Furthermore, failing to file a tax return means that you can’t claim any additional tax relief like the Foreign Tax Credit (FTC), Foreign Earned Income Exclusion (FEIE), or Child Tax Credit (CTC) — among many others.

Waiting too long to file can even cause you to forfeit your tax return, as you can only claim refunds within three years of a return’s due date1.

Penalties for missing the tax deadline

One of the most common questions people have after missing the tax deadline is whether they’ll face any late fines or fees. Unfortunately, this is often the case. While there’s generally no penalty for filing late in cases where you don’t owe tax or are due a tax refund, there will be penalties if you file a late tax return and you owe taxes to the IRS.

How the IRS calculates the late tax filing penalties

If you fail to file a tax return when required, the IRS will levy a Failure to File penalty of 5% of the unpaid taxes for each month that your tax return is late (up to 25%)2.

Note that any part of a month you go without filing counts as a full month — even if it’s just one day. So if, for example, you end up filing six weeks late, you’ll incur a full two-month penalty of 10%.

While the Failure to File penalty maxes out at five months/25%, the IRS will levy an extra .5% Failure to Pay penalty for each additional month the bill goes unpaid3. Like the Failure to File penalty, the Failure to Pay penalty also maxes out at 25%. What’s more, the IRS charges daily interest on penalties. Underpayments carry an annual interest rate of 8% through March 2025.

Certain tax forms incur even higher penalties. For example, accidentally failing to file the Foreign Bank Account Report (FBAR) when required can result in a penalty of $10,000 per report, indexed for inflation. 

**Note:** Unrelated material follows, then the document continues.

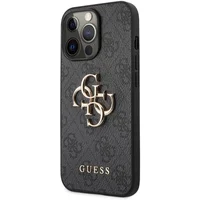 Guess PU 4G Metal Logo Case iPhone 13 Pro šedý - Pouzdra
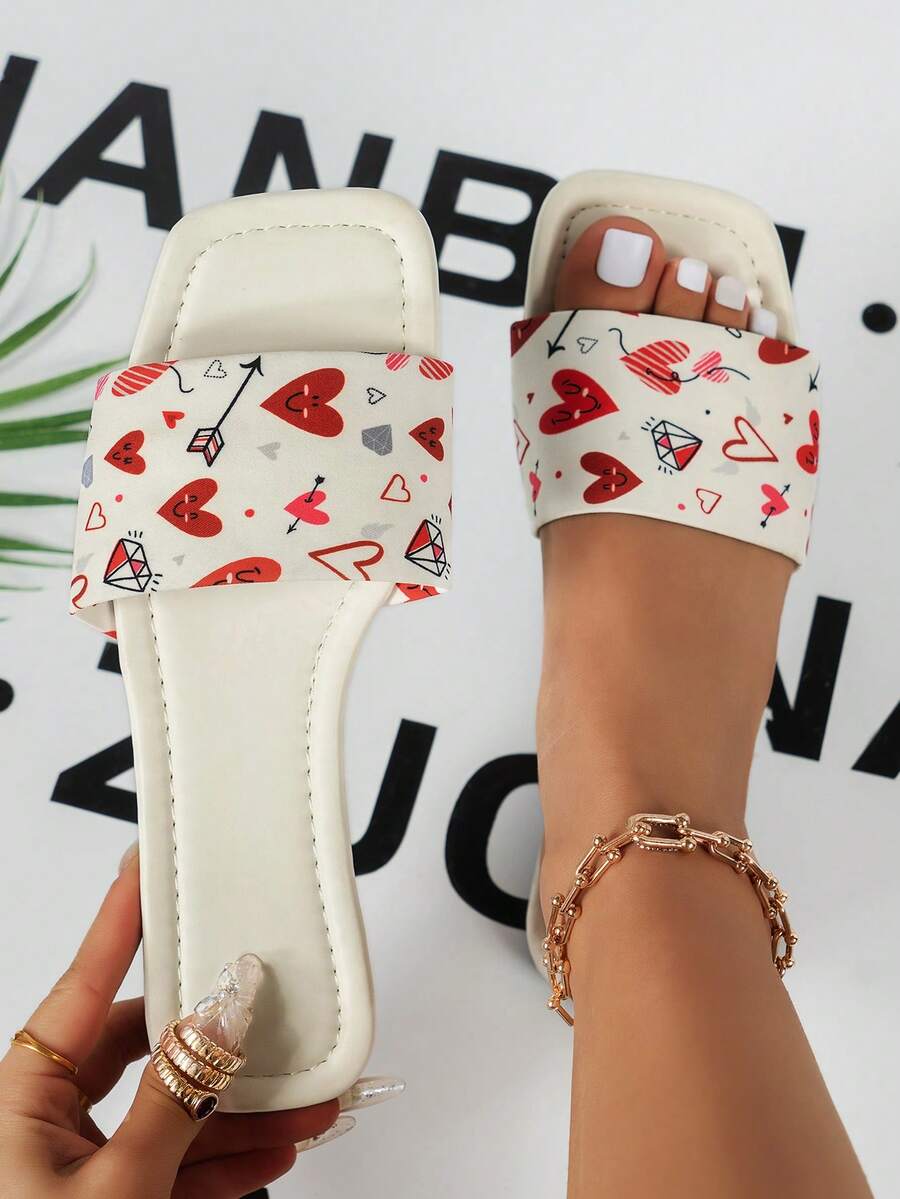 女士紅白心形印花pu扁平涼鞋,用於婚禮；女士白色扁平涼鞋,適用於戶外活動和休閒穿著,2024年新品 - 白色 - 查看 1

Unintentionally failing to file the Statement of Specified Foreign Assets (Form 8938) can also lead to a $10,000 fine, although repeated failure to file can result in an additional penalty of $50,0004.

Intentionally failing to file these reports typically results in steeper fines and in particularly flagrant cases, even civil or criminal charges.

Given how quickly late penalties can add up, it’s imperative to file and pay your taxes as soon as possible.

How to file a late tax return

You can indeed (and should!) file a tax return as soon as possible after a missed deadline. Doing so will minimize your penalties and interest, allow you to claim credits and deductions you’re eligible for, and generally help you stay in good standing with the IRS.

When filing late, you’ll need to file all of the same forms as you would have if you had filed on time. Typically, this includes Form 1040 plus any additional forms, schedules, and reports your financial circumstances require.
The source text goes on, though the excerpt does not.